Congratulations to all who won medals!! I entered a Blackberry but no medal this year.


----------



## WVMountaineerJack (May 23, 2011)

We got golds for an elderberry/blackberry dessert wine and a blackberry mead but couldnt get any love for our straight up elderberry wines, maybe we need to sweeten them upp next year to see if the judges think all fruit wine should be sweet! Crackedcrok


----------



## Flem (May 23, 2011)

Congratulations to all the winners!!!


----------



## tonyt (May 23, 2011)

Entered one bottle, WE, Petit Verdot, got a Bronze. I was one of the last listed on my category, I hope that doesn't mean I barely made it.

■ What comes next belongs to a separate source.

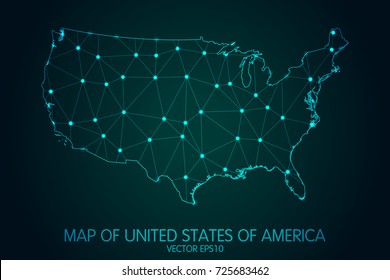 Map of United States of America - With glowing point and lines scales on the dark gradient background, 3D mesh polygonal network connections.Vector illustration eps10.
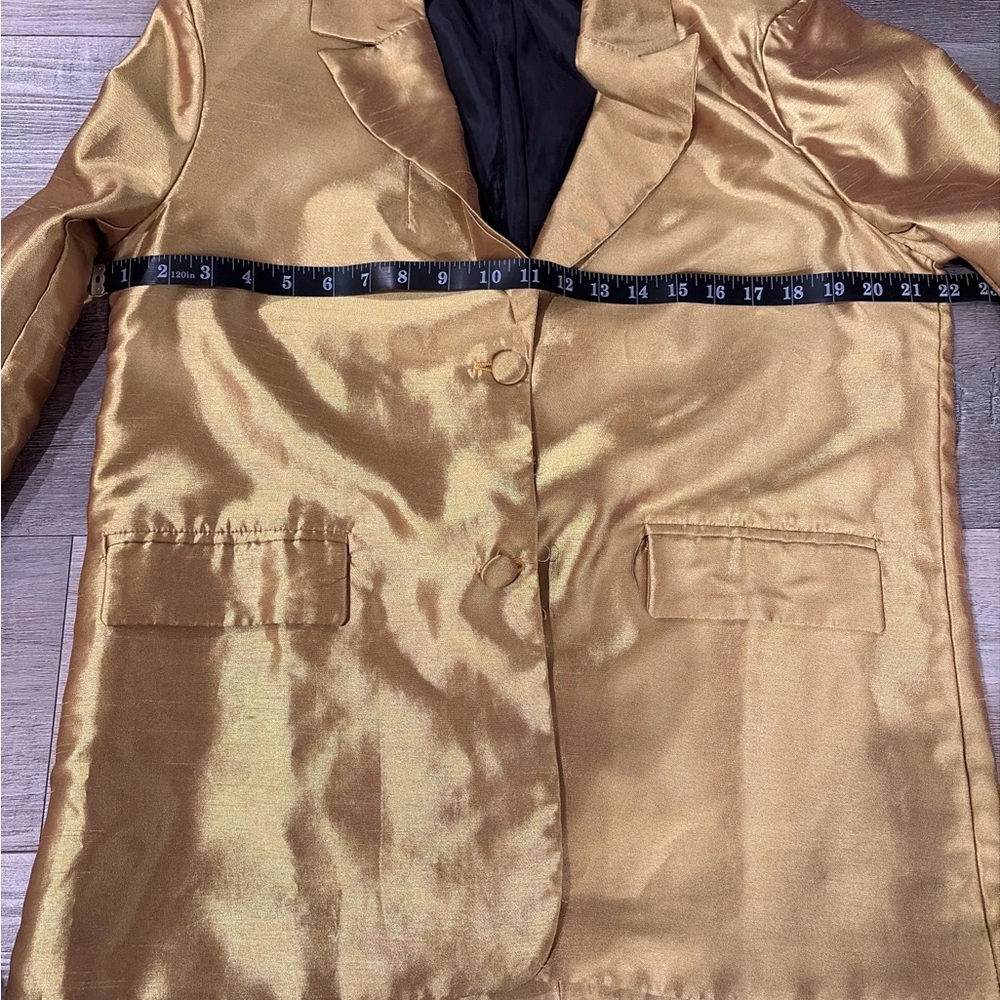 Chendayi -Gold Satin Blazer Jacket • Metallic Statement Evening Party Chic 💛 - Picture 7 of 7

I can't wait for the judges comments, I hope to learn something from the comments. Congrats to all the winners.


----------



## Runningwolf (May 23, 2011)

Great job everyone!


----------



## Chateau Joe (May 24, 2011)

I entered a Diamond and won a silver medal!


----------



## Flem (May 24, 2011)

Congratulations on your silver medal.


----------



## Chateau Joe (May 26, 2011)

CrackedCork said:


> We got golds for an elderberry/blackberry dessert wine and a blackberry mead but couldnt get any love for our straight up elderberry wines, maybe we need to sweeten them upp next year to see if the judges think all fruit wine should be sweet! Crackedcrok



Cork, how were your judges notes? My judges didn't say much at all. I was hoping to get some feedback.


----------